16/02/2014
Tout le monde il est toc toc
Quand j'étais enfant, un dessin animé connaissait un succès incroyable, malgré un titre effrayant : Le collège fou fou fou. Nous n'avons pas su apprendre de cet éloge de la folie quelques siècles après Erasme. En fiction oui, mais dans la vraie vie, nous continuons à être tétanisée par cette différence mentale. Nous avons fermé la majorité des asiles pour cause de contraintes financières, avons médicalisé à outrance la société et voudrions ne pas les voir. Pire, dans quelques temps, nous allons aligner la psychiatrie sur le reste de la tarification sanitaire, et tarifer à l'acte. Camisole, piqûre, sevrage, médicaments... On boucle ainsi la boucle en traitant de façon folle la folie. Ce n'est pas nouveau, le livre de Patrick Coupechoux nous enseigne que depuis des siècles nous avons un problème énorme avec cette différence et que l'époque actuelle est plutôt pire que d'autres.
"L'industrie de la santé ne guérit pas, sinon elle périrait", rappelle le psychiatre Edouard Zaférian dans le livre. Et elle va bien, puisque le chiffre d'affaires des labos pharmaceutiques pour les seuls médicaments relatifs aux maladies mentales est de 15 milliards d'euros. D'ailleurs, en refermant le livre on est excédé et écoeuré par cette politique de santé mentale à 200 vitesses : la clinique privée d'un docteur proche de Douste et Sarko a ses 44 pensionnaires à l'année qui sont très bien traités, ne vient pas qui veut et discrétion assurée, vs des établissements publics où 10% des postes ne sont pas pourvus (médecins comme soignants) pour cause de conditions trop difficiles et salaires trop faibles... Lorsqu'on songe que le handicap mental a été pleinement reconnu par la loi du 11 février 2005, on se dit que les moyens afférents n'ont pas suivi.

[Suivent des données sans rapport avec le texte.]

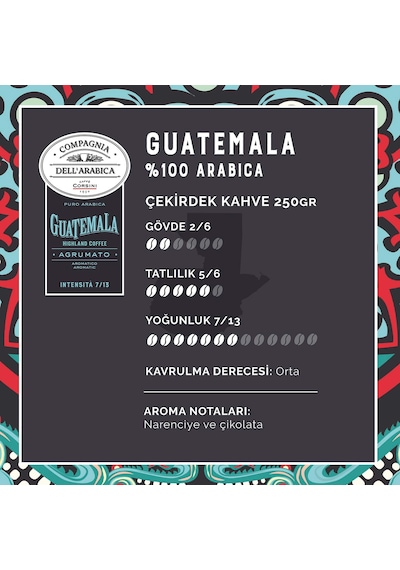 Caffe Corsini Guatemala %100 Arabica Çekirdek Kahve 250 G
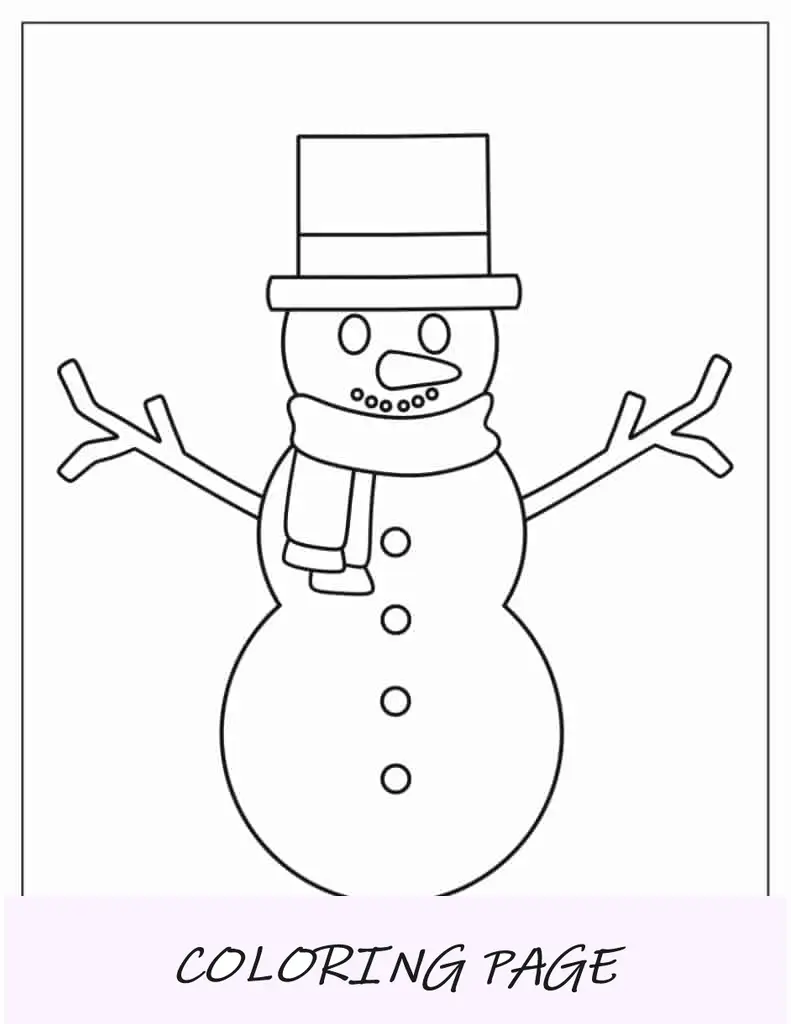 Modelo de boneco de neve Kawaii de meia página
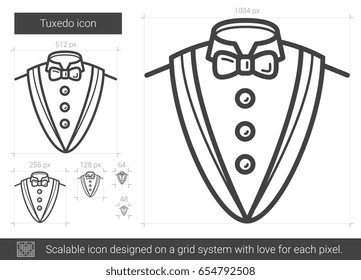 Tuxedo vector line icon isolated on white background. Tuxedo line icon for infographic, website or app. Scalable icon designed on a grid system.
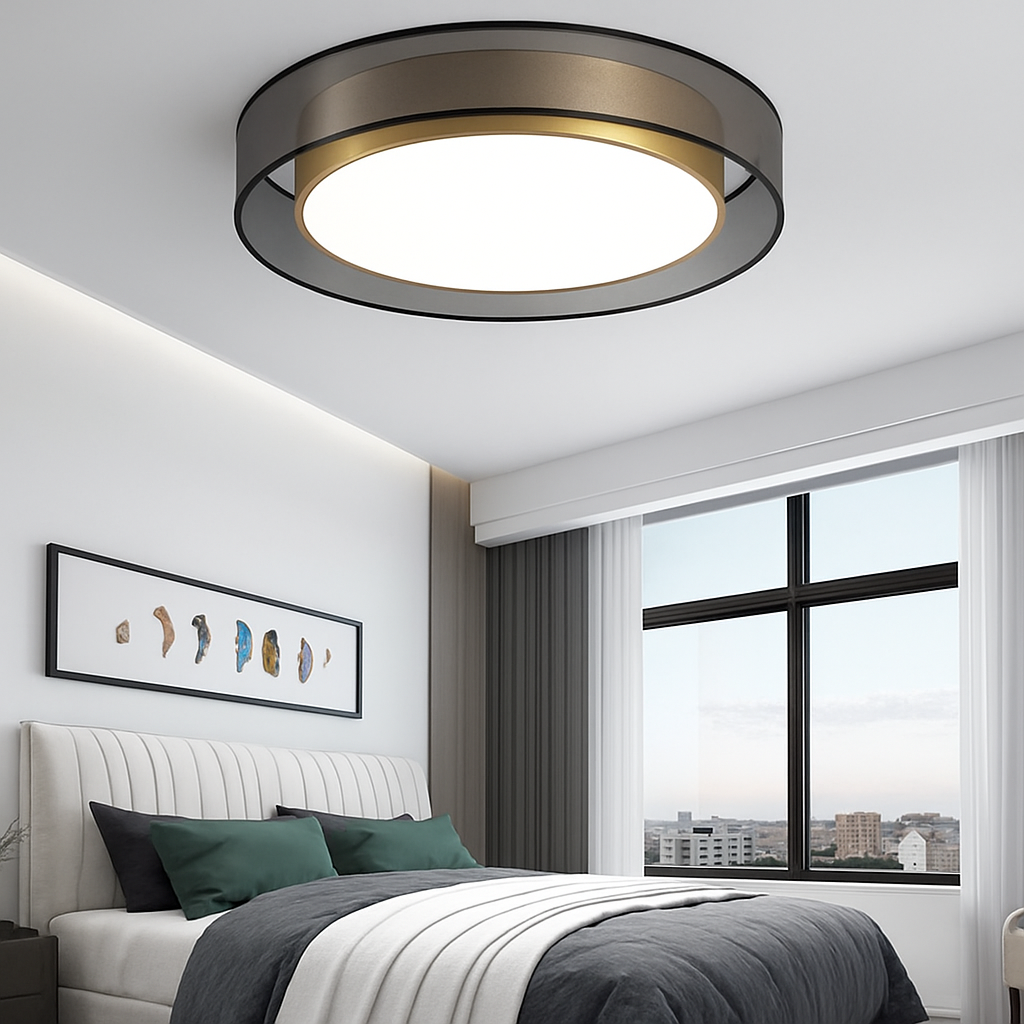 Plafonnier design LED doré avec disque Loft Marius Vallée en Disque - Formes Arrondies & Harmonie Visuelle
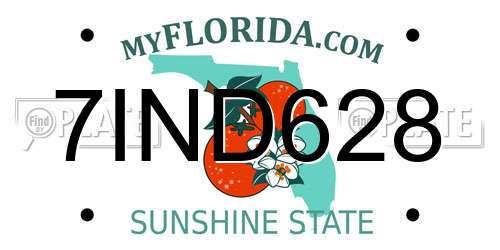 7IND628 Florida License Plate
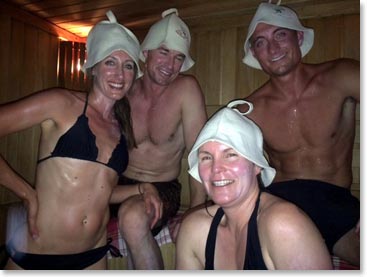 After hiking and gear rental, yes, we do Saunas in Russia!.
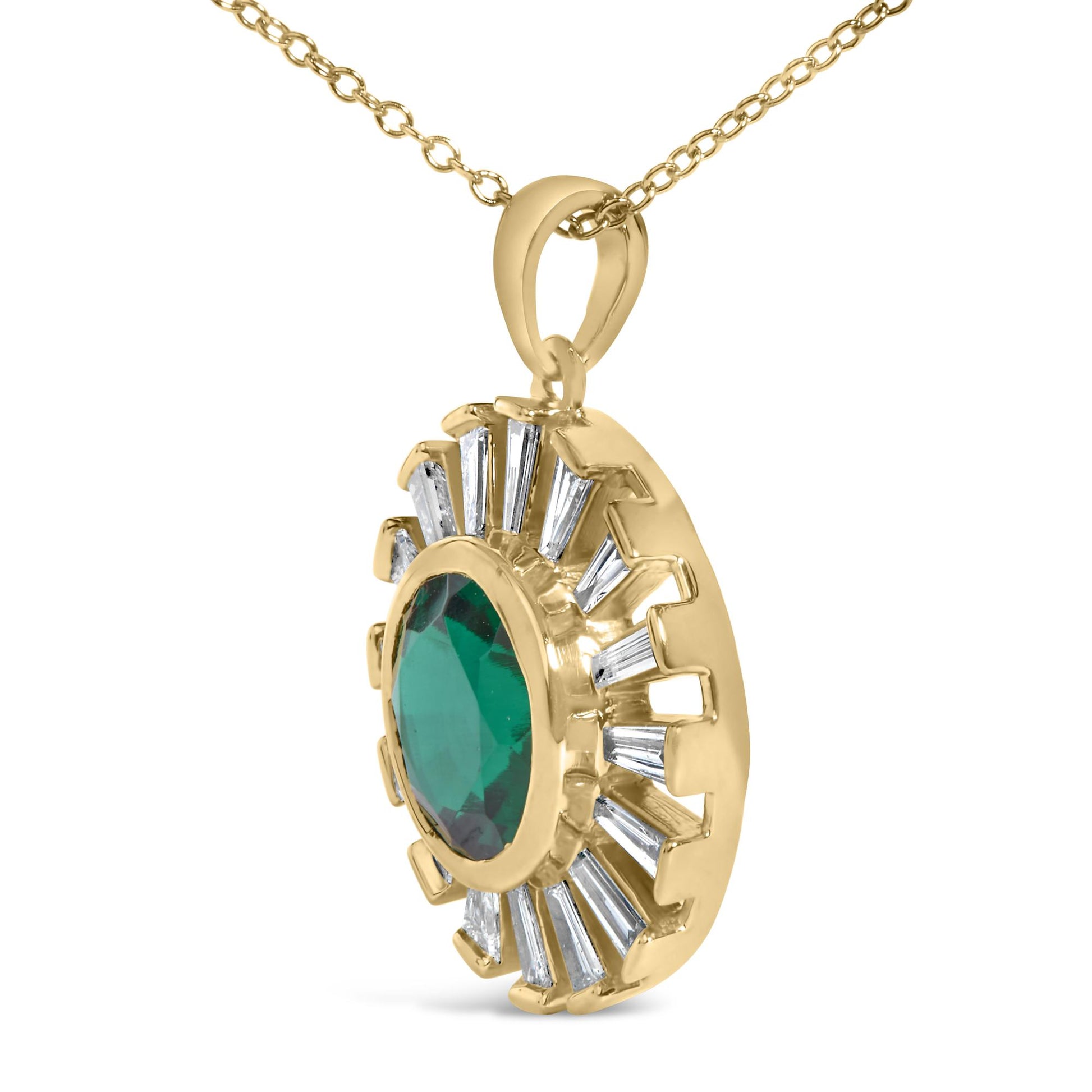 14K Yellow Gold Plated Sterling Silver Lab Created Emerald and Baguette Diamond Sunburst Medallion Pendant Necklace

Outre l'inégalité de moyens, le fait saillant du livre est l'inégalité de traitement. On ne veut pas voir les "fous "quand ils sont partout, on les imagine dangereux et criminels à cause de quelques faits divers quand ils sont avant tout des dangers pour eux mêmes... Cela me fait penser que l'ABCD de l'égalité, qui vise à déconstruire les stéréotypes, devrait s'attaquer à la question de la maladie mentale. La chanson de Johnny aurait-elle connu un tel succès si on l'avait intitulé Requiem pour un psychotique ? Qu'il soit permis d'en douter.
Vendredi soir je suis allé dîner chez ma soeur. Elle même avait une maladie mentale un peu honteuse, elle découpait les articles de Télérama et photocopiait les fiches des films avec les noms d'acteurs, réalisateurs, maquilleurs et autres. Alors qu'elle fit cette confidence à la tablée, une autre commensale déclara avoir été atteinte du même TOC. Elles n'étaient plus malades, puisqu'elles se comprenaient. Et nous mêmes étions bien tentés de nous dire que ce n'était pas si grave, sinon elles n'auraient pas été plusieurs à partager cette tare. Ainsi commence la dédramatisation de la folie.